• Activity
Below are records with pictures; copy word for word only the lines between the line with "Էն տեքստը, որի" and the line with "Corps de ferme", inclusive, and drop the pictures.

• Records to use
::::::::::

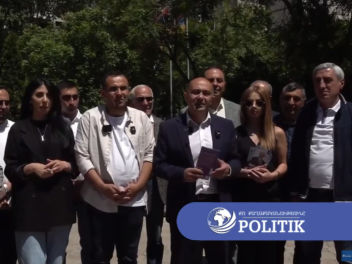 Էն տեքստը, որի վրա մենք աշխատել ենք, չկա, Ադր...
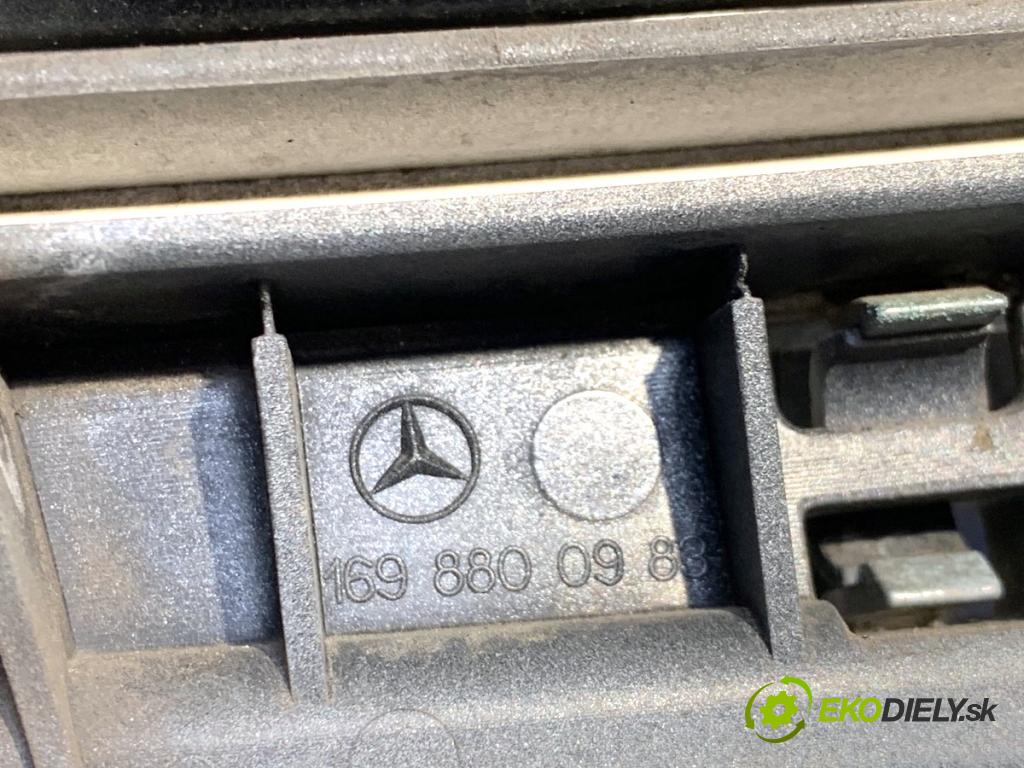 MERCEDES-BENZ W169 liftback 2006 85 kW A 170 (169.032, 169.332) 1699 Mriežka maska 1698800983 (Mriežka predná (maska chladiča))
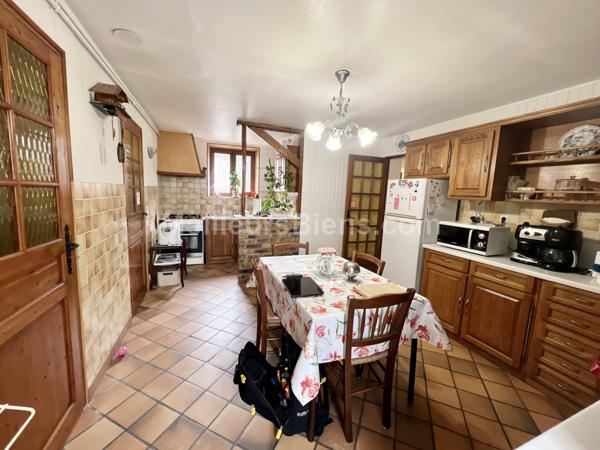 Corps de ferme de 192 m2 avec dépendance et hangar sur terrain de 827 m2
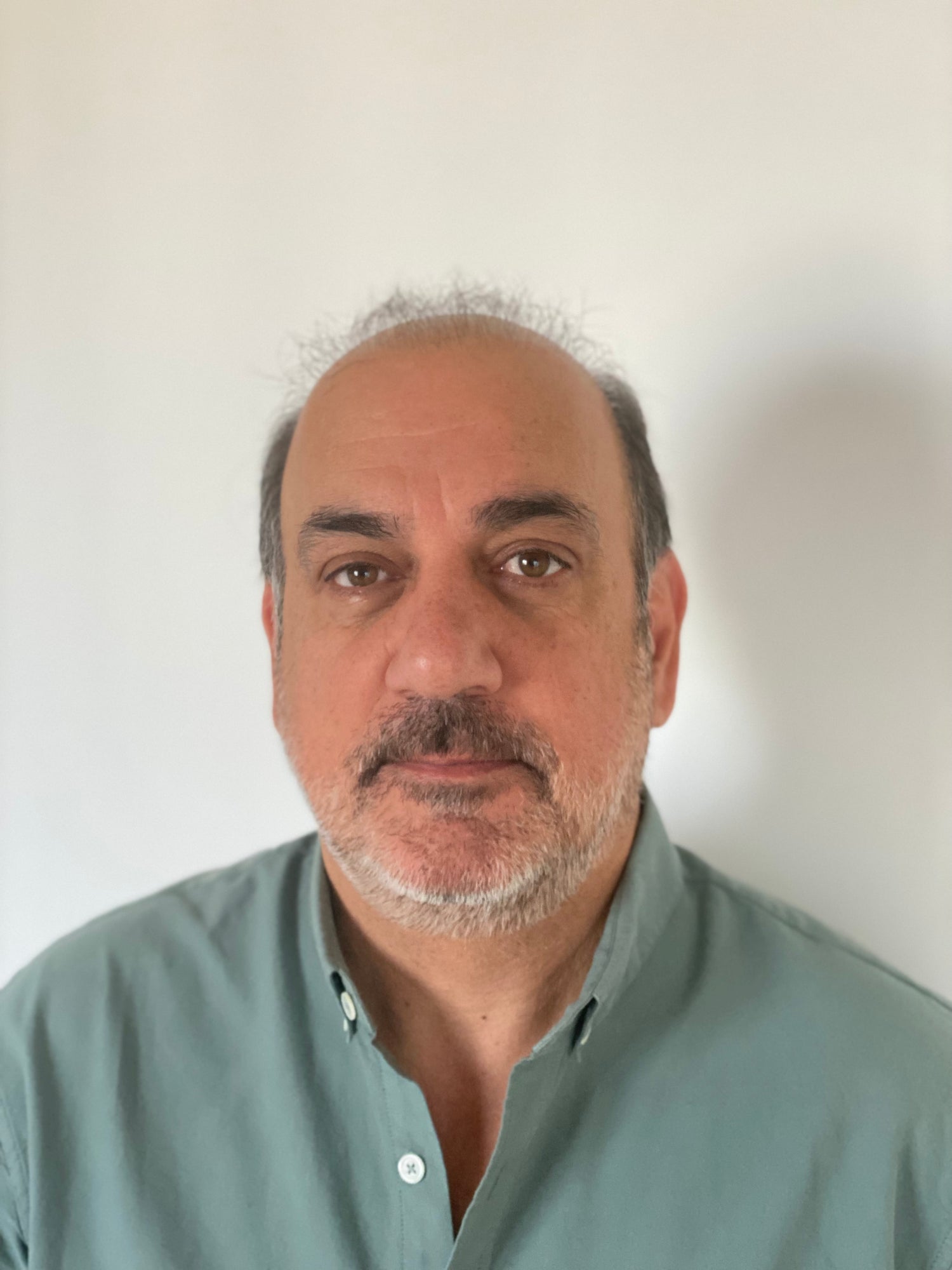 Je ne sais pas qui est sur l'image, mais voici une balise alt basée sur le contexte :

::::::::::

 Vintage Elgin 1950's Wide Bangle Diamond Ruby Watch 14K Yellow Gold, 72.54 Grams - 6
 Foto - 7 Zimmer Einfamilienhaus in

::::::::::

• Response below
 Էն տեքստը, որի վրա մենք աշխատել ենք, չկա, Ադր...
 MERCEDES-BENZ W169 liftback 2006 85 kW A 170 (169.032, 169.332) 1699 Mriežka maska 1698800983 (Mriežka predná (maska chladiča))
 Corps de ferme de 192 m2 avec dépendance et hangar sur terrain de 827 m2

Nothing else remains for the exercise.